Через несколько дней маршевые роты курсантов Краснохолмского военного пехотного училища стройно шагали на станцию. Над глубокими и чистыми январскими снегами гремела призывная грозная песня:
Вставай, страна огромная,
Вставай на смертный бой
С фашистской силой темною,
С проклятою ордой.
В звонких голосах запевал слышался и голос Матросова:
Пусть ярость благородная
Вскипает, как волна.
Идет война народная,
Священная война.
Глава III
НА ФРОНТ!
ыстро мчится воинский эшелон. Играет баян, летит солдатская песня навстречу бескрайним заснеженным полям и лесам, деревням и селам.

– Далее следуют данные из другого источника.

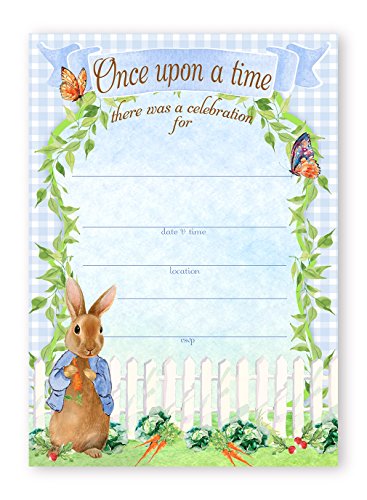 Peter Rabbit Party LARGE Invitations - 10 Invitations 10 Envelopes - Baby Shower Invitations - Birthday Invitations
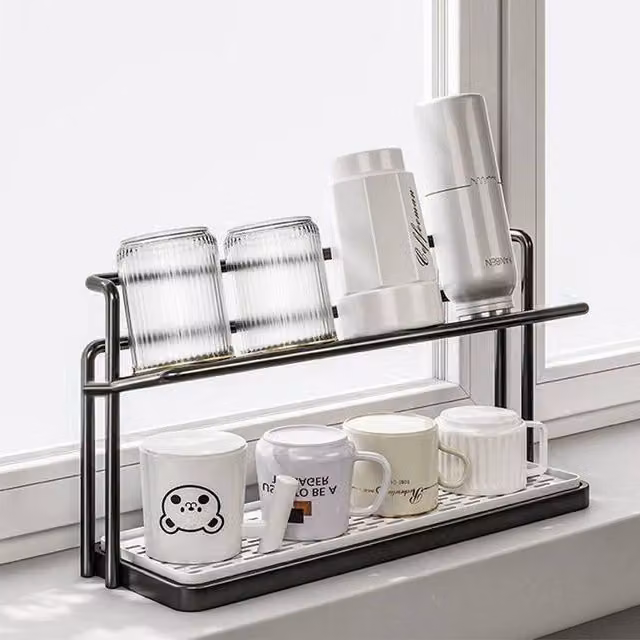 Kelvenix Black 2 Tier Bottle Drying Rack and Cup Holder with Drip Tray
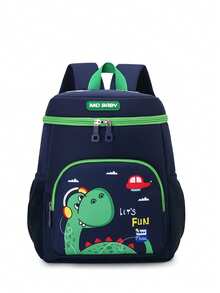 1pc Super Cute Dragon Cartoon Printed Children's Backpack, Padded Shoulder Straps Design, Suitable For School And Daily Use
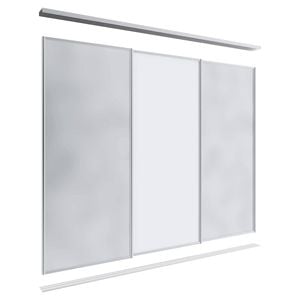 Lugna 2100 x 1801-2700mm Clear Anodised 2 Mirror 1 Melamine Wardrobe Triple Sliding Doors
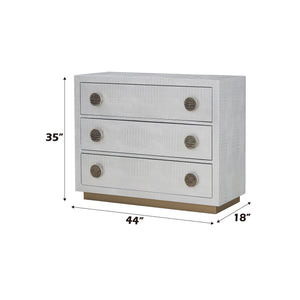 Anpu - Faux Crocodile Skin Console Cabinet - Silver - Best Buy Furniture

Стремительно пролетает эшелон полустанки и станции, запруженные людьми, вагонами, машинами.
И солдату сдается, будто все раздвигается перед ним, уступая дорогу.

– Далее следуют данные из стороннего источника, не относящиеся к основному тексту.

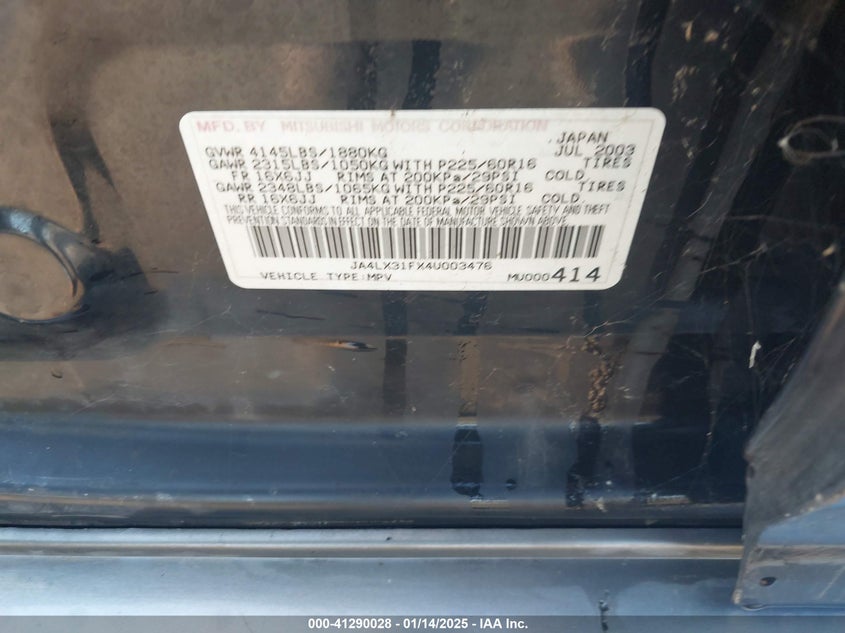 2004 Mitsubishi Outlander Ls VIN: JA4LX31FX4U003476 Lot: 41290028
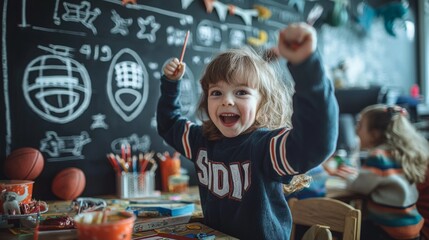 Children creating team logos for Super Bowl party on chalkboard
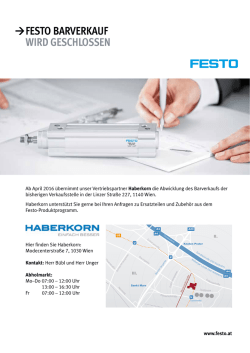 FESTO BARVERkAUF WIRD GESCHLOSSEN
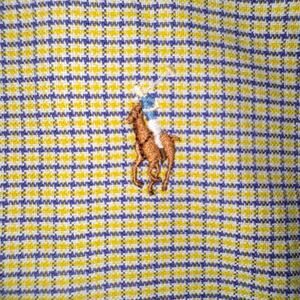 EUC Ralph Lauren 100% Cotton Blake SS Button Down Shirt XXL Yellow & Blue Check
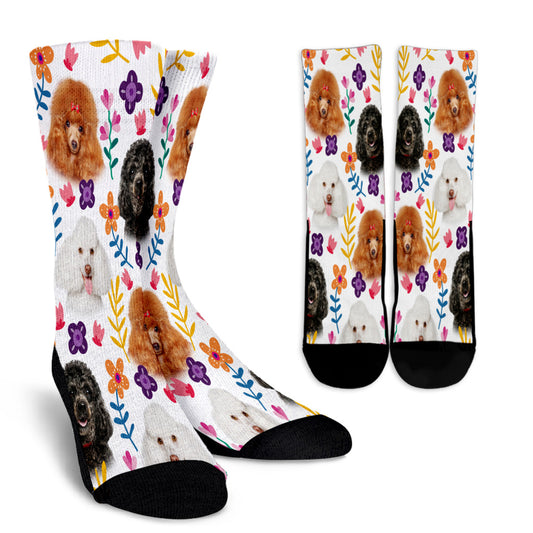 Poodle Floral Design Crew Socks - JillnJacks Exclusive - Jill 'n Jacks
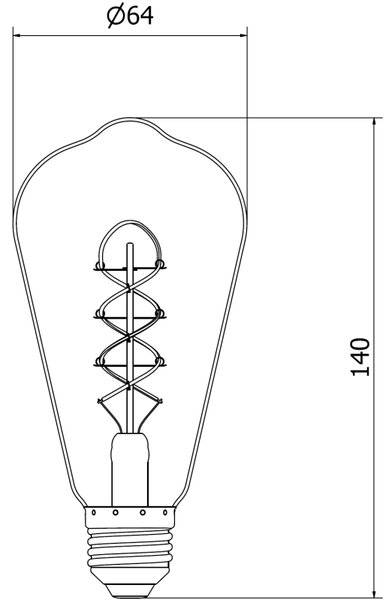 Mexen Vintis, Bec LED cu filament E27, ST64, 4 W, alb cald 2200K, chihlimbar, L162-E27-0422-50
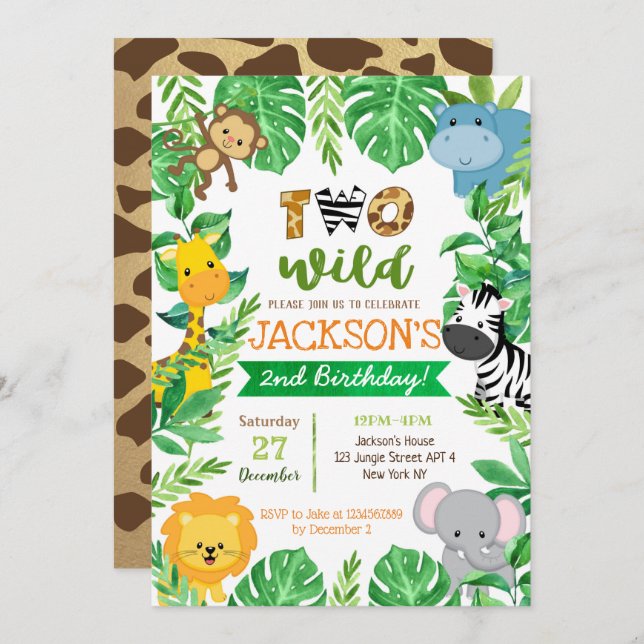 Two Wild 2nd Birthday Safari Animals Invitations (Front/Back)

Приглядишься – и видишь: спешат на запад, на фронт, груженые поезда, везут боеприпасы, продовольствие, одежду. На платформах, в чехлах под брезентами, как мамонты, опустили грозные хоботы орудия, танки. Дни и ночи поезда бегут на запад, на фронт.
В этом великом напряжении всей страны, в движении машин и людей – неукротимое стремление миллионов человеческих воль, спаянных и направленных к единой цели всеобъемляющим разумом партии.
Матросов задумчиво смотрит в окно, мысленно повторяя мудрые слова: «Великая энергия рождается для великой цели». Да, Родина, партия пробудили великую силу в народе и указали ему благороднейшую цель освобождения страны и всего мира от фашистского варварства. И поезда мчат фронту снаряды, одежду, хлеб – все, что сделали для победы натруженные руки советских людей.
На стыках рельсов стучат колеса. Тусклый свет пасмурного дня едва проникает сквозь обледенелые стекла. Уже перепеты все песни, угомонился вихрастый гармонист Пашка Костылев. Бойцы в полумраке с увлечением играют в шахматы, домино. Только Петр Антощенко, сидя у окна против Матросова, все еще тихо поет грустные украинские песни.
Перед Матросовым – книга. Он уже прочел ее и теперь листает, просматривая особенно понравившиеся места, думает. Ему хочется поделиться своими мыслями с Антощенко, но, взглянув на него, Матросов невольно улыбается.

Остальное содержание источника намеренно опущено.